***** INFORMATION PROVIDED
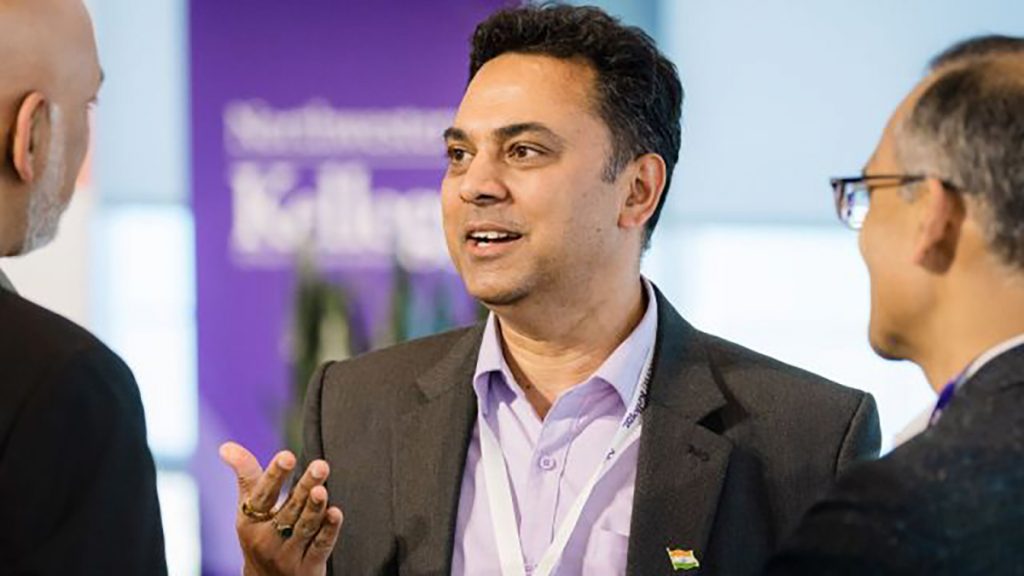 KV Subramanian pulled from IMF role six months before term ends
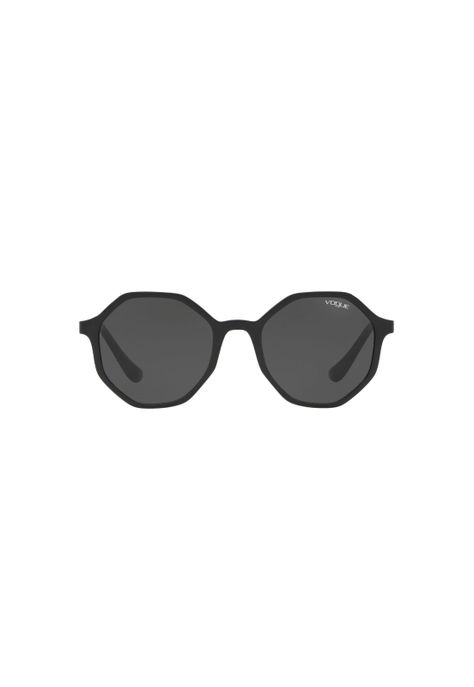 Lentes de Sol Gris Vogue VO5222SW4487-0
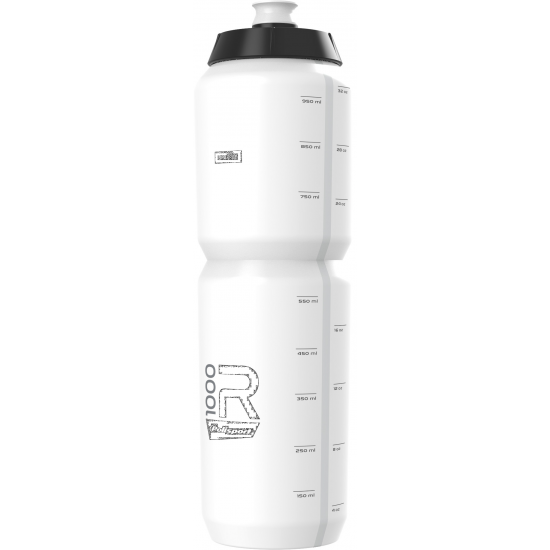 Water Bottle R1000 WATER BOTTLE R1000 WHITE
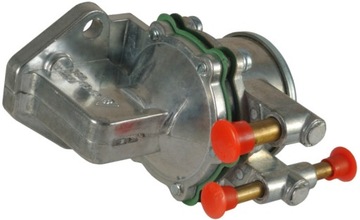 Насос пального fiat cinquecento cqn cnq нова 0,7 700 7636595 фото №1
**********
• PROBLEM
The response consists of the data above printed line for line, with no pictures.

• RESULT OF THIS EXERCISE
 KV Subramanian pulled from IMF role six months before term ends
 Lentes de Sol Gris Vogue VO5222SW4487-0
 Water Bottle R1000 WATER BOTTLE R1000 WHITE
 Насос пального fiat cinquecento cqn cnq нова 0,7 700 7636595 фото №1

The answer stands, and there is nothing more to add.